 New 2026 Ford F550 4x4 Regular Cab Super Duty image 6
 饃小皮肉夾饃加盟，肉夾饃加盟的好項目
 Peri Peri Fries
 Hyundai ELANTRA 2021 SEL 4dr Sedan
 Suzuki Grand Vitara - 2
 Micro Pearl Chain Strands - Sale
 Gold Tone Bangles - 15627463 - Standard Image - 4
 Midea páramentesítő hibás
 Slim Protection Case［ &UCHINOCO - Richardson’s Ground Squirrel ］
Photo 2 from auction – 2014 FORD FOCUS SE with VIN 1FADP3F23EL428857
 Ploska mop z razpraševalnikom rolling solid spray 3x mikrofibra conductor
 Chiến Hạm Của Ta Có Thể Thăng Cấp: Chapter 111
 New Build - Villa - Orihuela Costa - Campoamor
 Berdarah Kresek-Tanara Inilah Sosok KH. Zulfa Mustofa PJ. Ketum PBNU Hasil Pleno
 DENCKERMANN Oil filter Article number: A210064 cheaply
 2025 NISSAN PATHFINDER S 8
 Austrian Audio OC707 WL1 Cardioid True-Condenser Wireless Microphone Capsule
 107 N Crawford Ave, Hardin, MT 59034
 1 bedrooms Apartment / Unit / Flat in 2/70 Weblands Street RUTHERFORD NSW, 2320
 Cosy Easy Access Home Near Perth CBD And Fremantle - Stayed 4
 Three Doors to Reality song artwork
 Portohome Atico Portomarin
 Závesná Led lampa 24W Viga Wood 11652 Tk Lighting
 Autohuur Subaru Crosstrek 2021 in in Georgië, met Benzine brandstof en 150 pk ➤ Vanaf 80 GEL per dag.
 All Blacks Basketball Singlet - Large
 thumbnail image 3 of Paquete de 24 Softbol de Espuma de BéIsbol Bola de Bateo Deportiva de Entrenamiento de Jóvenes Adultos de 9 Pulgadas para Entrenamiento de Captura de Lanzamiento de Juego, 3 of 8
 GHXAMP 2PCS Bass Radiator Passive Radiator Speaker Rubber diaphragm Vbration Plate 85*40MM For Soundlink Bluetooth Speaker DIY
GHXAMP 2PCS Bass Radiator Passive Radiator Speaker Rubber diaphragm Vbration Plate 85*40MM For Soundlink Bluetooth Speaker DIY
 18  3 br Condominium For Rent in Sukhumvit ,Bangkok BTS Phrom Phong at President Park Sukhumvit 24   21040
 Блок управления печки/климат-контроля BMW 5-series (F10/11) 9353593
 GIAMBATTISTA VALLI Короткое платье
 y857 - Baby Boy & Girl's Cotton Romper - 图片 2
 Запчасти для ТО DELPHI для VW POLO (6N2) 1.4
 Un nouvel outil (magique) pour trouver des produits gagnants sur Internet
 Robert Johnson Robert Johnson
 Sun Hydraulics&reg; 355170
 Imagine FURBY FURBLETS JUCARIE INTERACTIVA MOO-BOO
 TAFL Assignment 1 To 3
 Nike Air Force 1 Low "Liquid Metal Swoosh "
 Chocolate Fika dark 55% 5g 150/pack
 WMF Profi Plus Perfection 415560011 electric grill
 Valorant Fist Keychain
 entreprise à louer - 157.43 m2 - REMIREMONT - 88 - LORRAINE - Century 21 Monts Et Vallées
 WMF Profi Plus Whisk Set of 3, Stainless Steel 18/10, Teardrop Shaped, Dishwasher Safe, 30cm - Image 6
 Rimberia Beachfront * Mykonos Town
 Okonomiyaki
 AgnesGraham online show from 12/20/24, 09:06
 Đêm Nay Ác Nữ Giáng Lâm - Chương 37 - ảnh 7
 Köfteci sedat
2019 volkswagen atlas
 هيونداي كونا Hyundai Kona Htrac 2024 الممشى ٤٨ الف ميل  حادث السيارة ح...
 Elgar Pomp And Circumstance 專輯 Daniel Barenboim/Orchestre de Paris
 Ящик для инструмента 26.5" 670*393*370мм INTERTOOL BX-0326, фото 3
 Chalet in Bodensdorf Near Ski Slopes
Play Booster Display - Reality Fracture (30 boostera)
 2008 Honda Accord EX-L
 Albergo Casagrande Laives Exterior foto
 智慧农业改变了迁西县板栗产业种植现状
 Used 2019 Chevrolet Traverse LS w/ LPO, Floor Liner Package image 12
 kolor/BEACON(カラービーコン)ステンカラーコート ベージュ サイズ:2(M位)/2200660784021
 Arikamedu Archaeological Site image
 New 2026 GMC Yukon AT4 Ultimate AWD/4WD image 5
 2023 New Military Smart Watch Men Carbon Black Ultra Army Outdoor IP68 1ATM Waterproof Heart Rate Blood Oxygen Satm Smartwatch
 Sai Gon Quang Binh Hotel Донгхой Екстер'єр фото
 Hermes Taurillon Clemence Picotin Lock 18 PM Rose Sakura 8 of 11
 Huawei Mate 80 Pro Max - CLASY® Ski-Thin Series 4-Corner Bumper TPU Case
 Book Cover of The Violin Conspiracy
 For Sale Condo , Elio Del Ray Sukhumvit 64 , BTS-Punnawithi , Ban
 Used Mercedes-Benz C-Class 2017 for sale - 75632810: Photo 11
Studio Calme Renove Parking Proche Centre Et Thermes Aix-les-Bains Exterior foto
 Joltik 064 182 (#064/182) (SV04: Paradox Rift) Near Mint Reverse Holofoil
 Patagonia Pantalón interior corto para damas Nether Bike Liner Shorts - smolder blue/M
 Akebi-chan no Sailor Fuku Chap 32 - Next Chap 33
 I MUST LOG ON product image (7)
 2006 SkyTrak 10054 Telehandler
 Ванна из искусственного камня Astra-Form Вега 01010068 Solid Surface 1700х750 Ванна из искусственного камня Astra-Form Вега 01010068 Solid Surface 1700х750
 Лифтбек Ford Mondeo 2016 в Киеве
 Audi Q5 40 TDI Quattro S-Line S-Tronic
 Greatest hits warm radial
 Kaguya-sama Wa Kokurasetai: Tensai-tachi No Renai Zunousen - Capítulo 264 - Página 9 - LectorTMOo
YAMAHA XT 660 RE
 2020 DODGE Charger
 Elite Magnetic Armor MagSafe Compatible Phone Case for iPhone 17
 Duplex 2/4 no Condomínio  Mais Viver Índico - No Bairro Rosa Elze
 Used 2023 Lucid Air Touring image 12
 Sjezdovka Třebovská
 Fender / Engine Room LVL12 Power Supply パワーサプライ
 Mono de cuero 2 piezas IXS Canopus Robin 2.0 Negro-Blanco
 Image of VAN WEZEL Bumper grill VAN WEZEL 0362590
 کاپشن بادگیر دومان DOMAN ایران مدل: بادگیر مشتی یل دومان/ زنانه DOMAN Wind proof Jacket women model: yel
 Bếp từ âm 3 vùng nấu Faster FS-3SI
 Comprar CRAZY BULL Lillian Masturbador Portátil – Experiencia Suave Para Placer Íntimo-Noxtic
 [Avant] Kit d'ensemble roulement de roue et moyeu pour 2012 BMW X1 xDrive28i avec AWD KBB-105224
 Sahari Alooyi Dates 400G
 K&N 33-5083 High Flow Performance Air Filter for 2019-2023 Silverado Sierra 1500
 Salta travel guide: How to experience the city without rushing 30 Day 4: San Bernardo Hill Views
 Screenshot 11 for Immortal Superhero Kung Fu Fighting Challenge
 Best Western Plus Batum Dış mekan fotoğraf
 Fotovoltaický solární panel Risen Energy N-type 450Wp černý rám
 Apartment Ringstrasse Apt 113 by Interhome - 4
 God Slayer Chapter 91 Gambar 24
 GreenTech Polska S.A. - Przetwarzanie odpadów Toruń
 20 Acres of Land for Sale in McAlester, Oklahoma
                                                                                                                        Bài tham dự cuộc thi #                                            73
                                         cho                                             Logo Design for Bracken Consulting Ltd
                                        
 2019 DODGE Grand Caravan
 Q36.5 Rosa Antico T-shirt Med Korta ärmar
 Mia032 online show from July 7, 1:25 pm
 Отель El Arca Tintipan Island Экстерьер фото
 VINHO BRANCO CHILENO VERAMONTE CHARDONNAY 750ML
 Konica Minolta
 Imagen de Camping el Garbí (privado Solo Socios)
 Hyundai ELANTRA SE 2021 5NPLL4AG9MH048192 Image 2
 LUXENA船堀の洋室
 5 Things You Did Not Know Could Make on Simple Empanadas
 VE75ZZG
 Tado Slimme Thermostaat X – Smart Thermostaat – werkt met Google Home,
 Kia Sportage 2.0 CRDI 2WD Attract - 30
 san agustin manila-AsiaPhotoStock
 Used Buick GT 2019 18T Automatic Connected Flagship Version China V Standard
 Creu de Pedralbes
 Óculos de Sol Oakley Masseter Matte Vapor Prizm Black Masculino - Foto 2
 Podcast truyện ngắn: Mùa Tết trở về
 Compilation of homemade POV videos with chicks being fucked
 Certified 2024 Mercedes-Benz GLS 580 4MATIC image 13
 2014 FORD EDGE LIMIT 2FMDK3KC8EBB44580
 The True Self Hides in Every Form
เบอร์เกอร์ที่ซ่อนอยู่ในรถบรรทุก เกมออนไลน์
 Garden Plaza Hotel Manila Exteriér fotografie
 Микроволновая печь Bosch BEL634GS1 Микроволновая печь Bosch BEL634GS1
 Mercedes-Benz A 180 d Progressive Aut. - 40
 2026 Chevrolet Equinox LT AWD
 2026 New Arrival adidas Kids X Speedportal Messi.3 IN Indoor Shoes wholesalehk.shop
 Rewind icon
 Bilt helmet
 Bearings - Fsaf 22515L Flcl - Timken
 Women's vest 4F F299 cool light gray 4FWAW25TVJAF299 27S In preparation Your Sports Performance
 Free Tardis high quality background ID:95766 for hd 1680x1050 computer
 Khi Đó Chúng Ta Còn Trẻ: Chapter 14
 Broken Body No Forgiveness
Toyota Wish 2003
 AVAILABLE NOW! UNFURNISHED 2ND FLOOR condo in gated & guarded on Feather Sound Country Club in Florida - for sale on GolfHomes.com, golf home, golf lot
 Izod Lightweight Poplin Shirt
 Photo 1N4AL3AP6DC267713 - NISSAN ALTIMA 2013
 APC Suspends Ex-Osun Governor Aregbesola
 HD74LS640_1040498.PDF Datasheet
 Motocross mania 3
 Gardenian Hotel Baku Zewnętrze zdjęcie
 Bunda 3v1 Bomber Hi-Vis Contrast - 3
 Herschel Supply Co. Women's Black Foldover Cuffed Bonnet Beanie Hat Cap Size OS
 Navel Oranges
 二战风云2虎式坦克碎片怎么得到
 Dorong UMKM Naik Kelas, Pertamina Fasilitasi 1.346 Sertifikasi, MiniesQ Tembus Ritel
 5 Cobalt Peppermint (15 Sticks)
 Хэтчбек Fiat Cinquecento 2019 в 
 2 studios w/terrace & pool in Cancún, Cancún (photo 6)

# [Action item]
I need every line of the material that includes "Apartment", so please copy them out.

# [Solved exercise]
 1 bedrooms Apartment / Unit / Flat in 2/70 Weblands Street RUTHERFORD NSW, 2320
 Apartment Ringstrasse Apt 113 by Interhome - 4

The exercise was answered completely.